# FS: 2 Cree Arc AAA Q4's



## MillerMods (Nov 18, 2008)

I have a WC Q4 2-stage low level is 50mA and high can still be chosen. $130 shipped Priority or International Airmail.

WH Q4 "floody" beam with slight hotspot. Good for someone who wants it for close-up work. 50mA low 1.25W . $105 shipped Priority or International Airmail.


----------



## iocheretyanny (Nov 20, 2008)

Maybe you should post this sale in "CPF's Custom & Mod B/S/T" to get more traffic....


----------



## MillerMods (Nov 20, 2008)

I was thinking that too.
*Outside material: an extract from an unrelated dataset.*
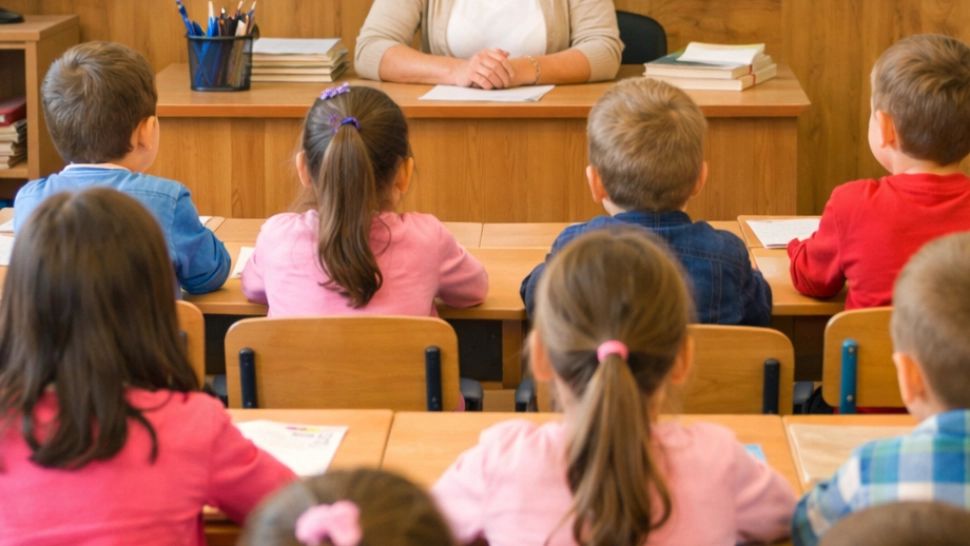 Elevii revin la școală miercuri, după vacanța de Paște. Când se încheie anul școlar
Thanks for the tip 



iocheretyanny said:


> Maybe you should post this sale in "CPF's Custom & Mod B/S/T" to get more traffic....


----------



## stang68 (Nov 20, 2008)

I'll take the WC Q4 non floody with 3/4W high.


----------



## MillerMods (Nov 20, 2008)

stang68 said:


> I'll take the WC Q4 non floody with 3/4W high.



Sold to stang68
I'll ship it out tomorrow.

Thanks,
Eric


----------



## stang68 (Nov 20, 2008)

Paypal sent


----------



## moose (Dec 28, 2008)

Hey do you still have the other light?:huh:


----------